When you strip away the façade, the FTR is still an American brat with a middle finger squarely up at the Europeans and Japanese who dominate the big-bore naked bike category. It’s a four-strong in a line-up that consists of the $12,999 base model, $14,999 FTR S, the $16,999 FTR R Carbon and the $11,499 FTR Rally that still uses the 19-inch/18-inch wheel combination. The FTR is the only true American performance naked bike if you’re looking for an alternative to the norm. And being the posh bastards we are at SportBikes Inc Magazine, we decided to go straight to the top and review the King Daddy FTR R Carbon. Only the finest here at SBI…
So what do you get for the $17K? Well, for one thing, you get lots of carbon fiber. Carbon tank shrouds, front and rear guards, headlight nacelle abounds. The woven black exclusiveness matches beautifully with the fully adjustable gold 43 mm Ohlins fork and shock that pivots directly off the swingarm with no linkage. The fitment of the Ohlins makes for a far more tolerable ride than on the Sachs units on Gen 1 FTR, with better damping control, less shock transmitted to the rider over bumps and better overall braking and acceleration performance.
The brakes remain unchanged in the Brembo four-piston monoblocs. And the Akrapovic exhaust is now a blacked-out unit on the R Carbon.

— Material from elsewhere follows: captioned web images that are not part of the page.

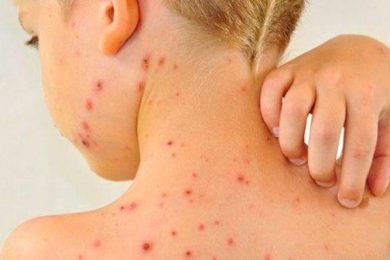 Piauí investiga oito casos suspeitos de sarampo, revela Ministério da Saúde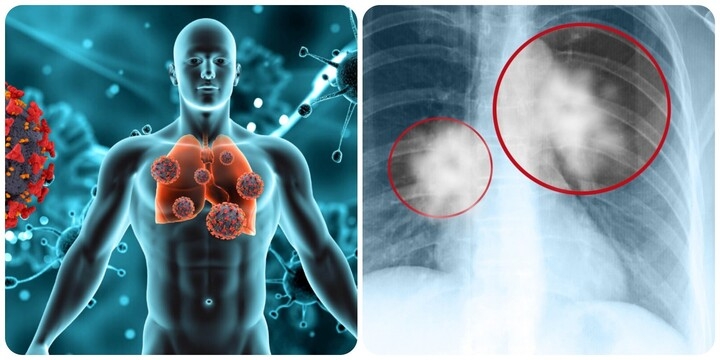 Ung thư phổi là một trong những căn bệnh ung thư nguy hiểm gây tử vong hàng đầu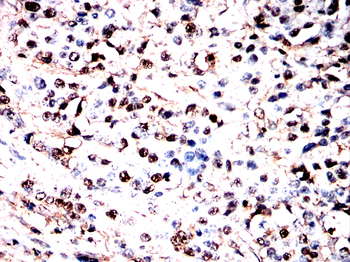 EPAS1 Antibody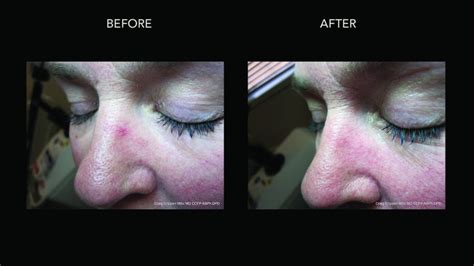 Rosacea Treatment Kelowna Facial Redness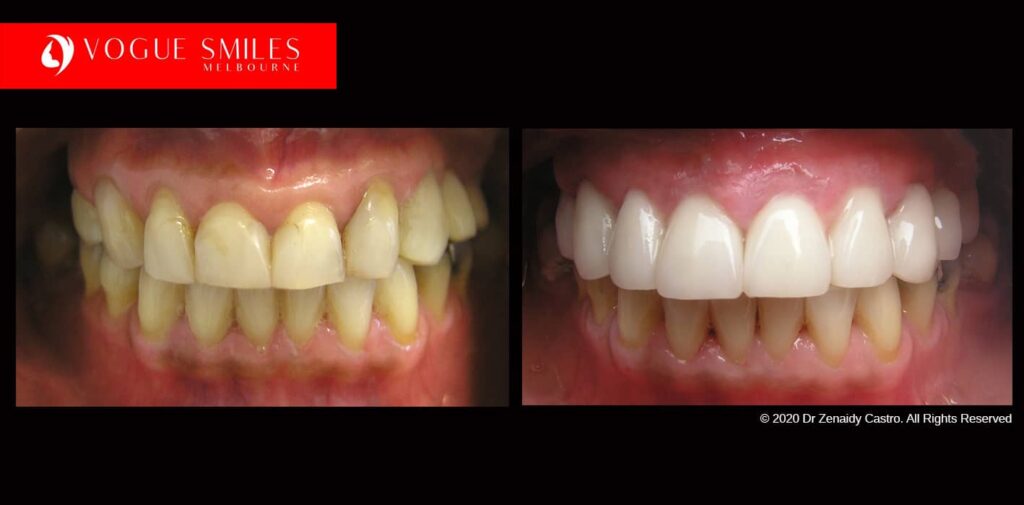 Full-Mouth-Reconstruction-complete-extreme-dental-makeover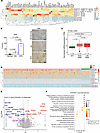 Elevated expression of ST6GalNAc-I in LUAD and its oncogenic role in LUAD.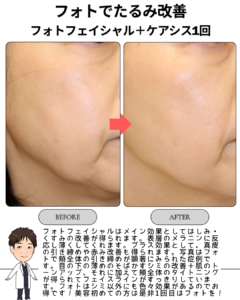 フォトフェイシャルで「たるみ」も改善できる理由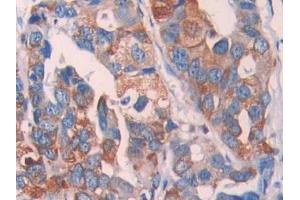 Used in DAB staining on fromalin fixed paraffin- embedded kidney tissue (LOXL4 抗体  (AA 399-552))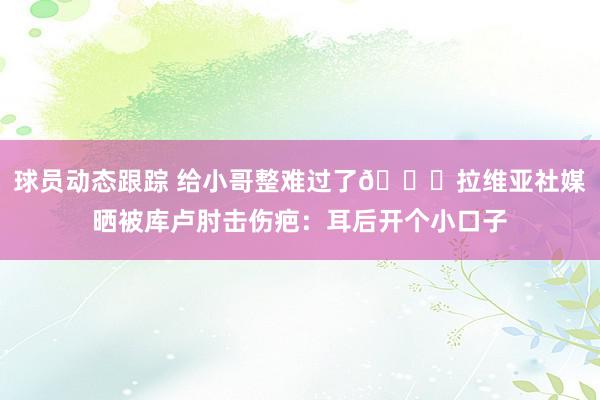 球员动态跟踪 给小哥整难过了😅拉维亚社媒晒被库卢肘击伤疤：耳后开个小口子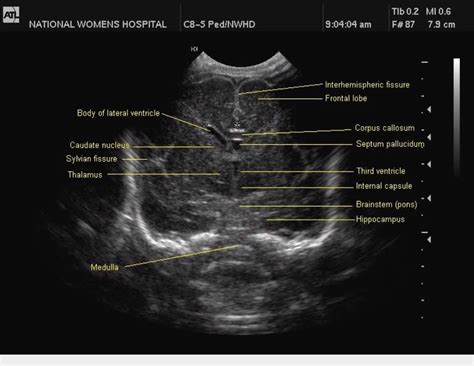 Ultrasound School, Ultrasound Physics, Ultrasound Sonography, Baby ...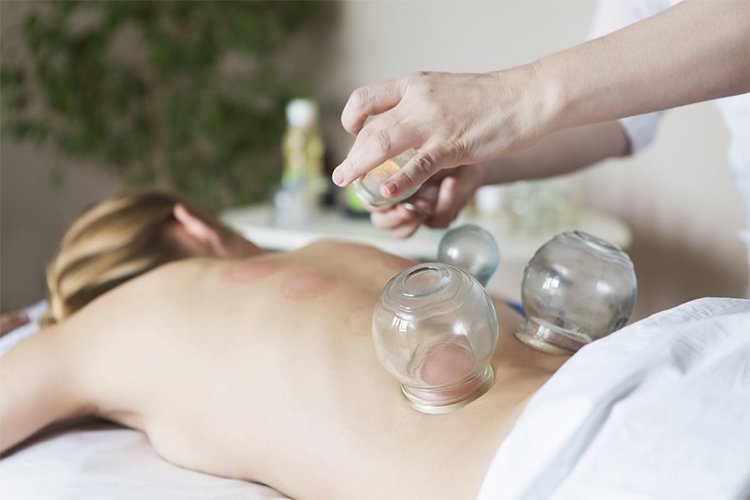 Benefits of Cupping Therapy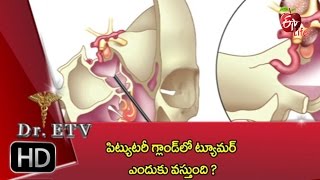 Dr ETV | Pituitary gland tumor treatment | 31st October 2016  డాక్టర్ ఈటివీ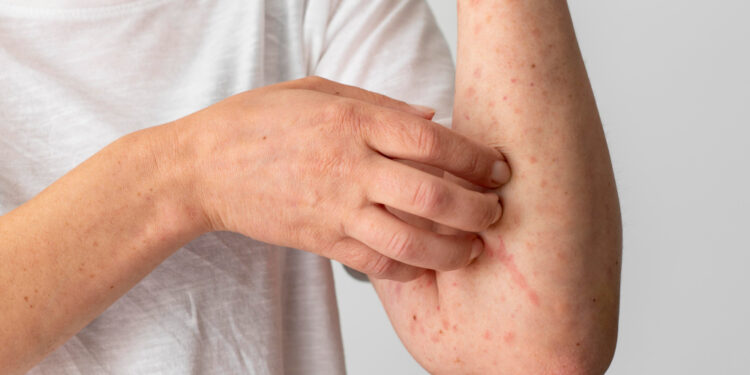 Poluição e microplásticos podem ter relação com o aumento dos casos de dermatite atópica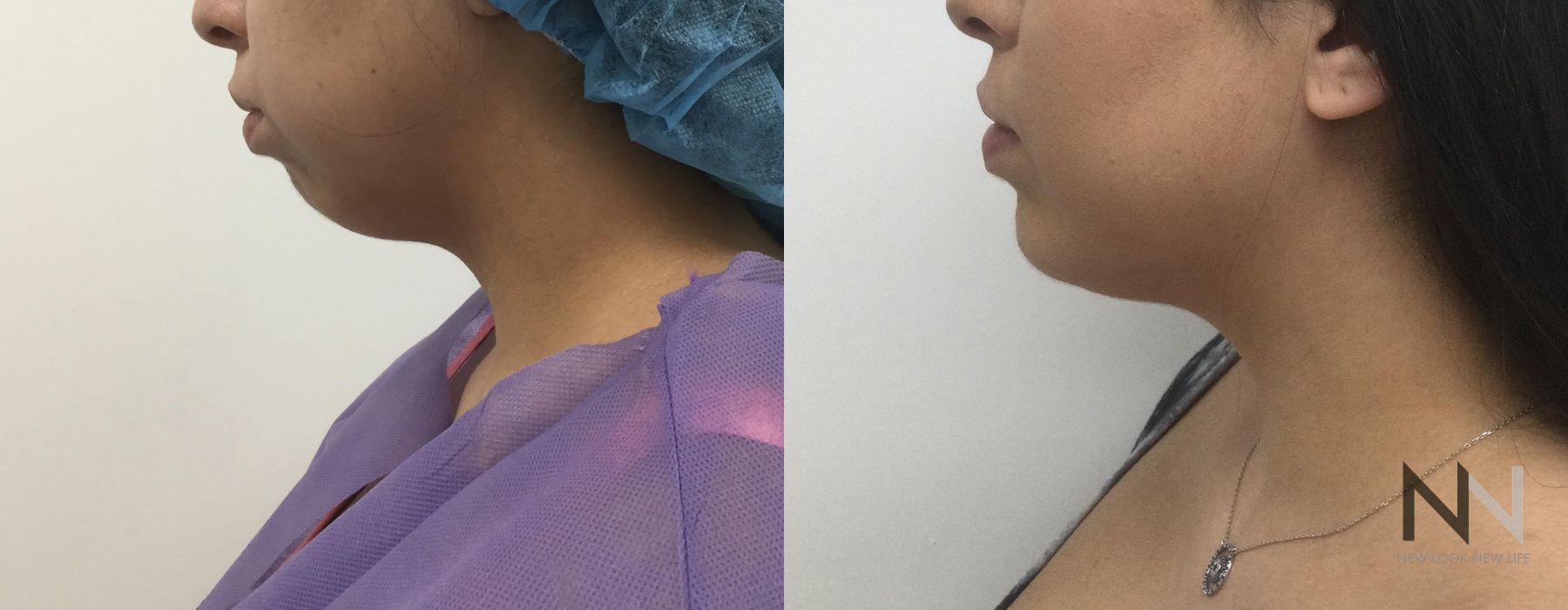 Chin Augmentation - Thumbnail 2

There are little cosmetic improvements everywhere. Like the now silver seat unit that accentuates the ribbed design aesthetic. The premium seat cover with lovely red stitching and the sharper angle of the tail light all giving the FTR R Carbon a very premium feel.
And you get cruise control as standard on the R Carbon. Halle-fucking-lujah!
Indian’s Ride Command electronic control center is also unchanged in the 4.3-inch touchscreen TFT dash that allows you to change riding modes and switch traction control on and off. Although hooligans out there will lament the fact ABS can no longer be switched off. So backing the bad boy in under brakes is sadly a thing of the past. Sometimes, growing up hurts.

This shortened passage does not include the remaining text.